I have a PDE:
$$u_{xx} - u_{yy} = 0$$
And my boundary conditions are:
$u = -\sin(2 \pi x)$ on $x+y = -1$
$u = \sin(2 \pi x)$ on $x-y=1$
Now I can find the characteristic variables $\phi = x+y$ and $\psi = x-y$, and after reducing the equation to standard form I find the general solution to be:
$$u = F(x+y) + G(x-y)$$
Now when I try to impose the boundary conditions:
$F(-1) + G(2x+1) = -\sin(2 \pi x)$
$F(2x-1) + G(1) = \sin(2 \pi x)$
My first difficulty is solving that system for $F$ and $G$, I cant quite see how to solve that.
My second issue is showing that this solution is uniquely determined for the region bound by $y < 0$ and the two lines where the data is given. For this I can see that we have determined $F$ and $G$ on the lines, but how do we know this also gives us a unique solution inside the region?

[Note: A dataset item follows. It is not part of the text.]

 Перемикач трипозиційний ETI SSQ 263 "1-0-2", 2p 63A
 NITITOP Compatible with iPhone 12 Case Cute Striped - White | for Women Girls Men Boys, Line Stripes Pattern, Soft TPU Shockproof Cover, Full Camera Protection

Any help is very much appreciated,
Thanks
First we can rewrite $\sin(2\pi x)$ as: $$\sin(2\pi x)=\sin\left(\pi(x+y)+\pi (x-y)\right)$$ $$=\sin(\pi(x+y))\cos(\pi(x-y))+\cos(\pi(x+y))\sin(\pi(x-y))......(1)$$
On $x+y=-1$, we have $$u = F(-1) + G(x-y) = -\sin(2\pi x)=-\sin(-\pi)\cos(\pi(x-y))-\sin(\pi(x-y))\cos(-\pi)\implies F(-1) + G(x-y) =\sin(\pi(x-y))\implies G(\eta) =\sin(\pi\eta)-F(-1) ......(2)$$
Similarly:
On $x-y=1$, we have $$u = F(x+y) + G(1) = \sin(2\pi x)=\sin(\pi(x+y))\cos(-\pi)+\cos(\pi(x+y))\sin(-\pi)\implies F(x+y) + G(1) =-\sin(\pi(x+y))\implies F(\xi) =-\sin(\pi\xi)- G(1)......(3)$$
Thus $$F(-1)=-\sin(-\pi)- G(1)=-G(1)=c=\text{const}$$
So $$u(x,y)=F(x+y)+G(x-y)=-\sin(\pi(x+y))+c+\sin(\pi (x-y))-c$$ $$=-\sin(\pi(x+y))+\sin(\pi (x-y))$$